高等教育重点化政策
高等教育は、国家の科学技術革新と経済成長に大きな意味を持っており、その一環として、中核的な役割を果たす人材育成は極めて重要である。
中国では、文化大革命終わりの1977年から、大学生の募集が再開された。ところが、1990年代半ばまで、大学数と大学生数はいずれも増加したが、国民の進学ニーズに満足できず、大学に進学できたのは少数であり、大学は長期にわたってエリート教育段階(進学率15%以下)にとどまっていた。
1990年代後期に入って、中国は急速な経済発展を遂げるとともに、社会・国家からの高度な専門・技術人材の要請、国民の進学ニーズの向上、大学の募集人数の大幅の増加によって、2002年に大学進学率が15%に達し、中国の高等教育は大衆教育段階に入った。2007年の大学進学率は23%にまで伸びている。

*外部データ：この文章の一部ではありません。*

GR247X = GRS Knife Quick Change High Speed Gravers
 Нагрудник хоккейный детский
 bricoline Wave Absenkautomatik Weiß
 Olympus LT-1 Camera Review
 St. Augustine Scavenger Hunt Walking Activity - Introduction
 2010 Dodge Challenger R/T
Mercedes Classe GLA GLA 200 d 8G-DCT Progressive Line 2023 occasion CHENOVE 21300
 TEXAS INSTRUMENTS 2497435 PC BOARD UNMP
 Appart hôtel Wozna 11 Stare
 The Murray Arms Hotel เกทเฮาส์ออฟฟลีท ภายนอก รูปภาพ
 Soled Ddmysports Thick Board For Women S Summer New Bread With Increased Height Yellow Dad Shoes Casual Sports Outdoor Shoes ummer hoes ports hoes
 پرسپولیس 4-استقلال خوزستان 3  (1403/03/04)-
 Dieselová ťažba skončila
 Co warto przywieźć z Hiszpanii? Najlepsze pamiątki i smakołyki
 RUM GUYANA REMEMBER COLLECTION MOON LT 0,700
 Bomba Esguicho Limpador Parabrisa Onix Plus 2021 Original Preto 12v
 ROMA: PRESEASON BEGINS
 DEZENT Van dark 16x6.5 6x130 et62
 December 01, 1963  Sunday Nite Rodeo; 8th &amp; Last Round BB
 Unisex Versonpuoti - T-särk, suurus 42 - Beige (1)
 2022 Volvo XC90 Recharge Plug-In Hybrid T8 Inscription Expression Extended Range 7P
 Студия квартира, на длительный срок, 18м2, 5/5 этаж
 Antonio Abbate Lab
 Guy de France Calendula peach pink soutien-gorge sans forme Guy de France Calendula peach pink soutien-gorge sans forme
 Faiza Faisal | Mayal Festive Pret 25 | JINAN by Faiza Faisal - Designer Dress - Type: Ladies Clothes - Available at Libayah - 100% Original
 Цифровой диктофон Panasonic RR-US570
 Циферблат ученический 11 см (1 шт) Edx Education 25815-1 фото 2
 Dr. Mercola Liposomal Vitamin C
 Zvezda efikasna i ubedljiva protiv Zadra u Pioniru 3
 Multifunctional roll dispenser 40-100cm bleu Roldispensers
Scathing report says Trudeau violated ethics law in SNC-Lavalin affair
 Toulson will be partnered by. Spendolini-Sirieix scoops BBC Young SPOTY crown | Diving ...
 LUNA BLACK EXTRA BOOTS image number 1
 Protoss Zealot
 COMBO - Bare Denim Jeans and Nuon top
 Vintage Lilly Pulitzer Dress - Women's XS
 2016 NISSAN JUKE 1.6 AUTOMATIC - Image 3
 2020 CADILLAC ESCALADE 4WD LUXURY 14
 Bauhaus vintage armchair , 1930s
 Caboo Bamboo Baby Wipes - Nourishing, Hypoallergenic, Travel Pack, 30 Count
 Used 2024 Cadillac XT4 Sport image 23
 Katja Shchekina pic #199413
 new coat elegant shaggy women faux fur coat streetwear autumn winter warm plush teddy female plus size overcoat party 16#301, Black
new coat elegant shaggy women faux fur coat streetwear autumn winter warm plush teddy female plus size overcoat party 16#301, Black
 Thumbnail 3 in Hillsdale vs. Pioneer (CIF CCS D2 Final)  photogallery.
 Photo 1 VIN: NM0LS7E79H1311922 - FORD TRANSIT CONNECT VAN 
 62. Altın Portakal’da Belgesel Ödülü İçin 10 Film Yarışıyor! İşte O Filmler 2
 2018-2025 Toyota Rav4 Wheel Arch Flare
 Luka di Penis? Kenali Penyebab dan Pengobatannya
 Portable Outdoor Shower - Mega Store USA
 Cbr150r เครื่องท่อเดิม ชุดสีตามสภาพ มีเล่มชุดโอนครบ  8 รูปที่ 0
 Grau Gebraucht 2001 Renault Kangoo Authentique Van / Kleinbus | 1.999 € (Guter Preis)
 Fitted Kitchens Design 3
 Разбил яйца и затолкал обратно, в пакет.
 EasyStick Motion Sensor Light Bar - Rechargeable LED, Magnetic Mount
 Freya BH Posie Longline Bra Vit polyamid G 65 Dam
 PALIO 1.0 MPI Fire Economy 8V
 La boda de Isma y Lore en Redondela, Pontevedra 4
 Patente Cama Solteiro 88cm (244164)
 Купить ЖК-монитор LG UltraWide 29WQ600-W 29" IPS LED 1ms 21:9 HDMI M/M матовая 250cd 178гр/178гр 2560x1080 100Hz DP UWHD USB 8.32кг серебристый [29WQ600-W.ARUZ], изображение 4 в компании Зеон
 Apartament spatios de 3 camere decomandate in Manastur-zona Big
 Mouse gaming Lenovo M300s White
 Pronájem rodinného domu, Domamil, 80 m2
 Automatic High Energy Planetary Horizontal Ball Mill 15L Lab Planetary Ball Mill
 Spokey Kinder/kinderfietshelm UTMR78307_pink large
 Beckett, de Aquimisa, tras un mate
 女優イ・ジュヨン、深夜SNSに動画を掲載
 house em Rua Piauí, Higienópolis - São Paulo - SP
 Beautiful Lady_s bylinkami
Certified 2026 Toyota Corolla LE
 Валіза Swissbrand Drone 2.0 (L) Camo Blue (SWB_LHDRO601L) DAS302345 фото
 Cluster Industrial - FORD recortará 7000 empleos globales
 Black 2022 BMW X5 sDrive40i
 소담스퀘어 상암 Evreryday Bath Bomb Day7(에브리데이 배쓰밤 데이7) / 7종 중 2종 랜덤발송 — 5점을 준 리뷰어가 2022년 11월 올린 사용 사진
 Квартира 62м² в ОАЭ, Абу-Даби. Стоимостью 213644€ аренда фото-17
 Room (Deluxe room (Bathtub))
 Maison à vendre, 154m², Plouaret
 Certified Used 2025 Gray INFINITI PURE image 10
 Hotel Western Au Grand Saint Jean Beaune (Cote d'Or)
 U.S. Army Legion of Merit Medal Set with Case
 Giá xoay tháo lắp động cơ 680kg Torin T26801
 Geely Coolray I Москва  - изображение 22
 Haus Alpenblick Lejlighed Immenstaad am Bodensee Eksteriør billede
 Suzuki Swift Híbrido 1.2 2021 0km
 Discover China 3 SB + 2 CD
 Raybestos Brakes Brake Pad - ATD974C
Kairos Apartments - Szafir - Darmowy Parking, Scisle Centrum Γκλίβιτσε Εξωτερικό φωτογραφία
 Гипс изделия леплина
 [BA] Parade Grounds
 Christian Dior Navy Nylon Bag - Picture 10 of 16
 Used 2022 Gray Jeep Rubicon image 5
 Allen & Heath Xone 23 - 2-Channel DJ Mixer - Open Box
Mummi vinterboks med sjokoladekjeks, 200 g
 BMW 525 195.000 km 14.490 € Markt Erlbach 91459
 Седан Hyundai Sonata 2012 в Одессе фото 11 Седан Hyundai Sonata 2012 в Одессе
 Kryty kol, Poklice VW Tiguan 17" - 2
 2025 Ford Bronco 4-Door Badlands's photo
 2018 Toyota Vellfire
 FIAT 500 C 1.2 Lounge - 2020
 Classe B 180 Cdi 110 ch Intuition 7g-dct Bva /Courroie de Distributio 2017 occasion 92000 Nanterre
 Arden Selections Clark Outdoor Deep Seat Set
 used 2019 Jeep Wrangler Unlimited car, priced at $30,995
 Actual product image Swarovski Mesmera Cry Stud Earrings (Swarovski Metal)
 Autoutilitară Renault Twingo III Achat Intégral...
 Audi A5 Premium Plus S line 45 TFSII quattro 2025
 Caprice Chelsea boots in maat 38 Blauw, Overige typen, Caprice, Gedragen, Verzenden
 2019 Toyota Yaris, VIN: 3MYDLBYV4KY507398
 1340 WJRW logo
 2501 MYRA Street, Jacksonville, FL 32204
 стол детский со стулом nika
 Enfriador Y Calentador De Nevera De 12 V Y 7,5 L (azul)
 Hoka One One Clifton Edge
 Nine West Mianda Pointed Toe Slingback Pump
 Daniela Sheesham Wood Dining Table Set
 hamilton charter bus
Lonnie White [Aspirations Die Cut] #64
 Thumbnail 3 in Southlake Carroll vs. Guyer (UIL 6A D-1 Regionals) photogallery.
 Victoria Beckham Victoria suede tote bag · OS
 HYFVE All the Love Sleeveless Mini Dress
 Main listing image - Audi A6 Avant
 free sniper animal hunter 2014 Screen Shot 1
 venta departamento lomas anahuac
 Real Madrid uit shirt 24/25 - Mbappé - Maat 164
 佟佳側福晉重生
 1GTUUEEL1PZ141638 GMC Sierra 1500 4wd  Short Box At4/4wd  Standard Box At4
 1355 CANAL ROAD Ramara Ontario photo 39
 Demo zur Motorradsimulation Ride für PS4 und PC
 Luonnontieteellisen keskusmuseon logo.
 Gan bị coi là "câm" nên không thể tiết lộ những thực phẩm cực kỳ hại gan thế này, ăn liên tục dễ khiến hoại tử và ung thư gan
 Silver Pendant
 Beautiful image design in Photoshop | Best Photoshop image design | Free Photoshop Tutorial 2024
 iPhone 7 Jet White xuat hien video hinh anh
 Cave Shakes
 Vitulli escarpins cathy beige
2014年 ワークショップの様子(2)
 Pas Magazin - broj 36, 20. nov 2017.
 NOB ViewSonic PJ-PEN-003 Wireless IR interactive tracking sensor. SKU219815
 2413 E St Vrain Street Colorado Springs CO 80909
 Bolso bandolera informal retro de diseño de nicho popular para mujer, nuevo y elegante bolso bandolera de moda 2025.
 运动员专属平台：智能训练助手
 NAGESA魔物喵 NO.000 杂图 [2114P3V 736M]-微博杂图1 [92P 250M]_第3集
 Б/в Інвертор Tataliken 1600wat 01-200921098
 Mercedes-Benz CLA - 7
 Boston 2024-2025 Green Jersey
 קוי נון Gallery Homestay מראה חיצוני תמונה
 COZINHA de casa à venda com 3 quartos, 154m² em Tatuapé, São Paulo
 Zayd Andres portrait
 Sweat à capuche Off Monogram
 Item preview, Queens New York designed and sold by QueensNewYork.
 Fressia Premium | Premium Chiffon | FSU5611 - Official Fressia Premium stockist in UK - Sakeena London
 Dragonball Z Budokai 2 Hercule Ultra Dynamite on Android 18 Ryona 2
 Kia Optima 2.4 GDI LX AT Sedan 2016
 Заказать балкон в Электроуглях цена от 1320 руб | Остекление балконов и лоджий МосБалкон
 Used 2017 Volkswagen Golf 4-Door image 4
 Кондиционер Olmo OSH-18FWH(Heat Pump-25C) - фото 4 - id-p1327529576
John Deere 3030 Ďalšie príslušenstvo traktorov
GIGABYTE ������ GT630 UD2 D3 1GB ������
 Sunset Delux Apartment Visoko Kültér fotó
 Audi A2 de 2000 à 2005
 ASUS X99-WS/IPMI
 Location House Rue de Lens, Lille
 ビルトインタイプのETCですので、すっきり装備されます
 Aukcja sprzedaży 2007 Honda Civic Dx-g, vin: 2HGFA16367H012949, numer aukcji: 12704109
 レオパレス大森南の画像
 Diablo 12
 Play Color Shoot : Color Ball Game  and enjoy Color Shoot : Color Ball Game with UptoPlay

1990年 | 1995年 | 2000年 | 2001年 | 2002年 | 2003年 | 2004年 | 2005年 | 2006年 | 2007年 | |
入学者数(万人) | 60.9 | 92.6 | 220.6 | 268.3 | 320.5 | 382.2 | 447.34 | 504.5 | 546.1 | 565.9 |
在学者数(万人) | 206.3 | 290.6 | 556.1 | 719.1 | 903.4 | 1108.6 | 1333.5 | 1561.8 | 1738.8 | 1884.9 |
卒業生数(万人) | 61.4 | 80.5 | 95.0 | 103.6 | 133.7 | 187.7 | 239.12 | 306.8 | 377.5 | 447.8 |
高等教育機関への進学率 | 3.4% | 7.2% | 12.5% | 13.3% | 15% | 17% | 19% | 21% | 22% | 23% |
このように高等教育機関が多くの国民に開かれた一方、中国では少数の大学と学科に対して重点的に資金配分する重点化戦略が堅持、強化されてきた。中国では、高 等教育機関における人材政策が主に重点化戦略を中心に展開されてきた。
エリート校建設に向けた計画:
中国では、特に選ばれた大学や学科に対して重点的な支援が行われている。その典型は下記のプロジェクトである。
- 107の大学を優先的に支援するプロジェクト。21世紀に向けて、100余りの大学を重点的に発展させることから、「211プロジェクト」との名称がついた。
- 「211プロジェクト」の指定校のうちの38の大学をさらに重点的に支援するプロジェクト。1998年5月に提言されたことから、「985プロジェクト」との名称がついた。
- 一部大学・学科に重点的に投資するプロジェクト。教育部主導で1988年よりスタート。
- 大学でのハイレベル研究拠点の形成を目指すプロジェクト。「世界のトップ100の大学・研究機関から、1 000人以上の科学者を招き国内の優秀な研究者との合同研究チームを結成する。また、中 国全土にこうしたチームを約100ヶ所設立する」ことから、「111プロジェクト」の名称がついた。